The first flight of an OH-6A NOTAR concept-demonstrator was made on 17 December 1981. The commitment to full-scale development and production was made in 1987. An extensive modifications during 1985 with second blowing slot, new fan, 250-C20B engine and MD 500E nose, led to flight testing resuming on 12 March 1986 and completed in June. The demonstrator was retired to US Army Aviation Museum, Fort Rucker, Alabama, October 1990.
Commercial MD 520N and uprated (485 kW Rolls Royce 250-C30) MD 530N NOTAR helicopters announced February 1988 and officially launched January 1989. The first production prototype MD 530N (N530NT) flew on 29 December 1989, but this variant not pursued.
First flight 520N (N520NT) on 1 May 1990 and first production 520N 28 June 1991. The 520N was certified on 12 September 1991 on the MD500 type certificate and the first production aircraft 520N (N521FB) delivered to Phoenix Police Department 31 October 1991. MD 520N set new Paris to London speed record in September 1992, at 1 hour 22 minutes 29 seconds.

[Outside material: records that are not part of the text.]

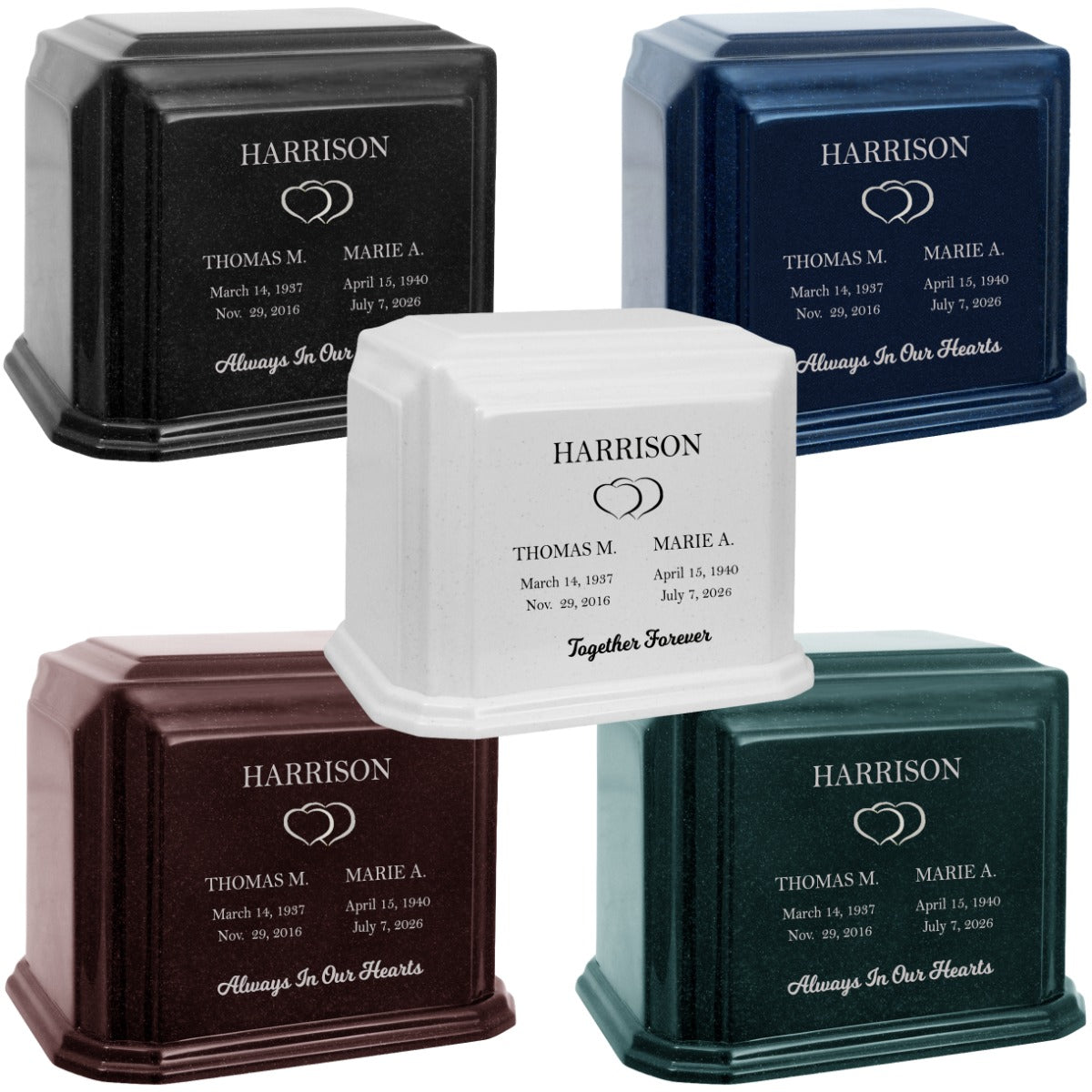 Cultured Marble Companion Cremation Urn - Loving Parents Urn - 12 Color Choices - Vault Option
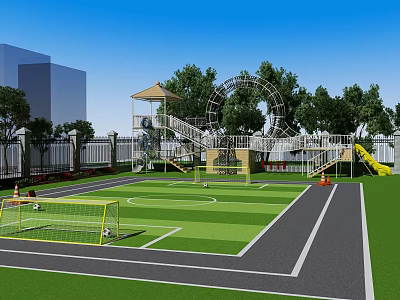 Outdoor Football Field With Green Turf Soccer Goals Slide Trees Fence And Running Track 3d model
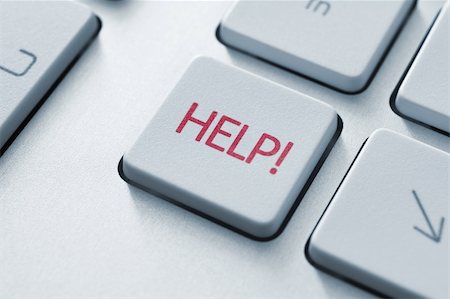 simsearch:400-08291045,k - Help button on the keyboard. Toned Image. Foto de stock - Royalty-Free Super Valor e Assinatura, Número: 400-06070142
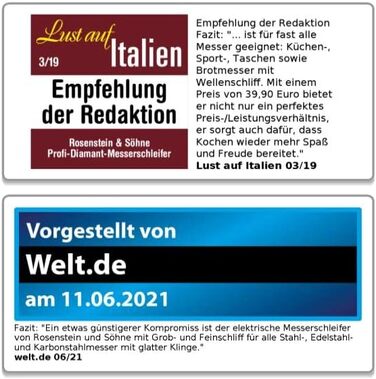 Електричний професійний точило для ножів Rosenstein & Söhne з алмазним диском, грубе та тонке точіння, 60 Вт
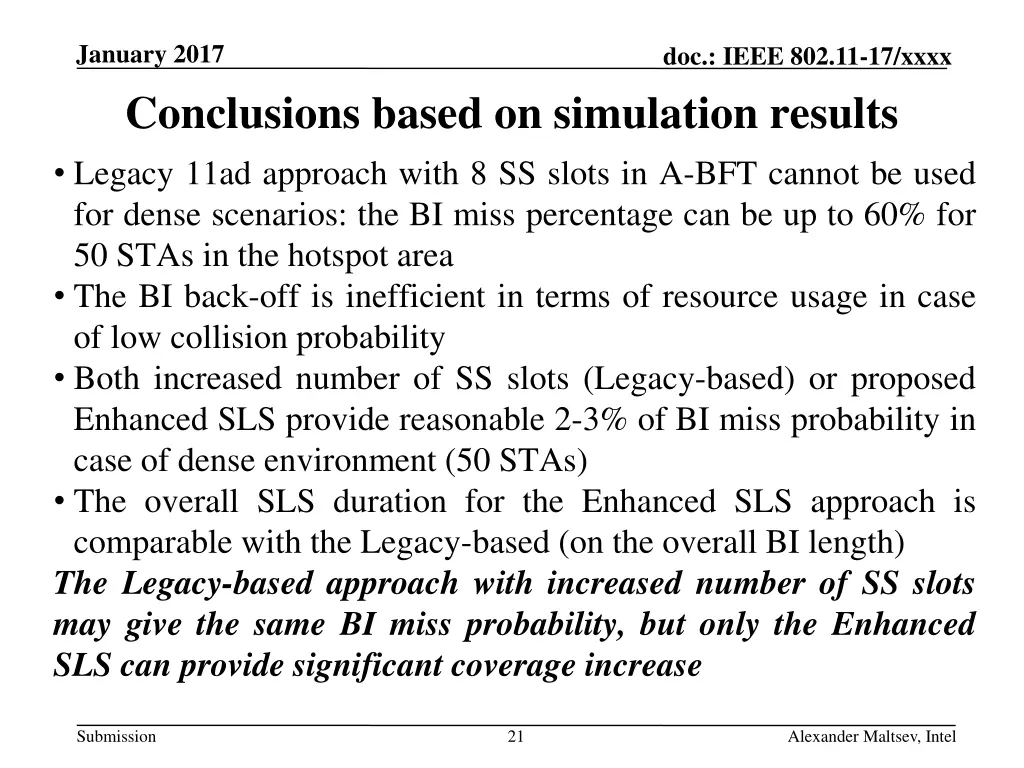 january 2017 conclusions based on simulation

The single Rolls-Royce 250-C20R turboshaft, derated to 317kW for T-O (5 minutes) and 280kW maximum continuous. Improved, heavy-duty transmission, rating 447kW, derated to 317kW for T-O, 280kW maximum continuous, on production aircraft from June 1995. Fuel capacity 235 litres.
Believed to be the quietest turbine helicopter, based on FAA certification test noise figures, the main rotor rpm 477; main rotor tip speed 208m/s; NOTAR system fan rpm 5,388. A redesigned diffuser in NOTAR tailboom and revised fan rigging was introduced from early 2000 and available for retrofit; combined with uprated Rolls-Royce 250-C20R+ engine; these improvements increase the aircraft's payload capability,
Customers had a total of 99 registered by mid-2002. Four delivered in 2000, two in 2001 and four in 2002. Law enforcement agencies flying MD 520Ns include Phoenix, Arizona (first operator; two more delivered in early 2002); Burbank, Glendale, Huntington Beach, Los Angeles, Ontario and San Jose, California; Hernando County, Florida; Orange County, Florida; Jefferson County, Kentucky, which took delivery of one in March 2002; Prince George County, Clinton, Maryland, which took delivery of two on 4 October 2000; Hamilton County, Ohio, which has seven 520Ns; El Salvador, whose Policia Nacional Civil took delivery of two in 1996; San Juan, Puerto Rico; Honolulu, Hawaii; and Calgary, Alberta, Canada. Other operators include the Tata Group of Mumbai, India, Weetabix Ltd, UK, and Belgian Gendarmerie (two). The unit cost was US$980,000 (2002).
Héli-Max Ltée from Trois-rivières, Québec, Canada was the first canadian operator of MD520N model. They bought 6 of them.